How do I do multi Class (multi head) classification?

I want to use BERT models to do multi Class (multi head) classification. I have text and want to do a binary classification for churn and one binary classification for sentiment.

Is that possible “out of the box”? Or do I have to develop my own “BertForSequenceClassification” Class?


This is all in the loss function, so you can definitely use BertForSequenceClassification with two labels, then use the proper loss function (probably BCEWithLogitsLoss).

1 Like

Well - this is connected to this question: BertForSequenceClassification only seems to have linear activation at the end - is this a bug?

Why is it only a thing of the loss function? IMO the different classification methods need different last layer activation functions. Binary Class needs sigmoid, one of multiple classes needs softmax and multiple of multi class needs sigmoid again. But somehow you always seem to have a linear (no) activation at the end. @sgugger

Isn’t this a bug?

In PyTorch, the activation is often combined with the loss for numerical stability and speed. That’s why I say it’s all in the loss.

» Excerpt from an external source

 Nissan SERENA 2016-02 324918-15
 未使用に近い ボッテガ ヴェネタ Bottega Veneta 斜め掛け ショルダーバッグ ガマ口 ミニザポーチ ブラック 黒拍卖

Ahh ok. Thanks. When I want to calculate the metrics on the predictions in most cases a simple preds = pred.predictions.argmax(-1) is enough. There is no need to apply softmax or sigmoid infront of it. Only in the following cases I have to apply an “activation function” with numpy:

  • when I have multi label lassification I can not do argmax
  • when I want to compute metrics like ROC-AUC where I need “probability estimates”

@sgugger @valhalla is that right?

If you have in fact two binary classifications, wouldn’t you be better off using two binary classifiers instead of one with four labels?